Action item:
All of the lines below are to be transcribed faithfully, with pictures excluded from the copy.

Start of Available data

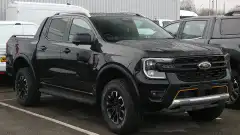 2025 Ford Ranger Wildtrak X EcoBlue 4x4 (P703)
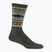 Men's socks Darn Tough VanGrizzle Boot Sock Cushion trout river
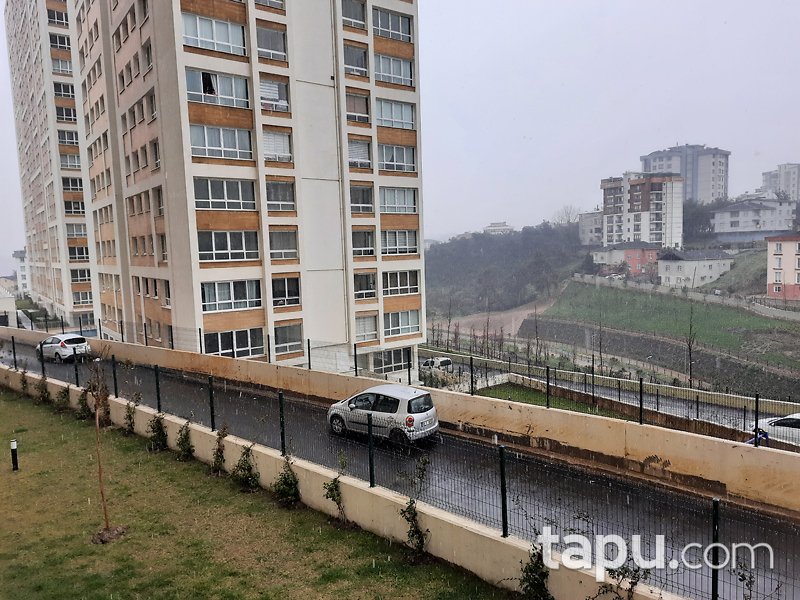 İstanbul Tuzla Lokum Evler'de 3+1 117 m2 Daire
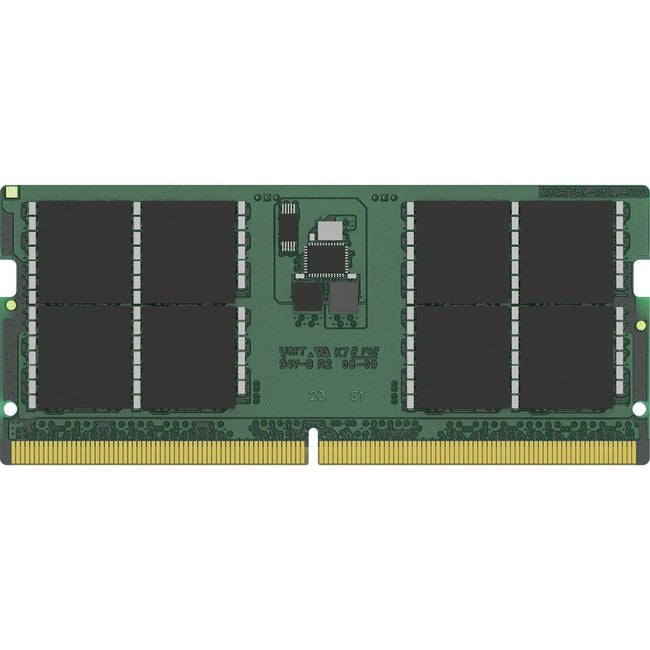 Kingston 64GB (2 x 32GB) DDR5 SDRAM Memory Kit - KCP552SD8K2-64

End of Available data

Response below:
 2025 Ford Ranger Wildtrak X EcoBlue 4x4 (P703)
 Men's socks Darn Tough VanGrizzle Boot Sock Cushion trout river
 İstanbul Tuzla Lokum Evler'de 3+1 117 m2 Daire
 Kingston 64GB (2 x 32GB) DDR5 SDRAM Memory Kit - KCP552SD8K2-64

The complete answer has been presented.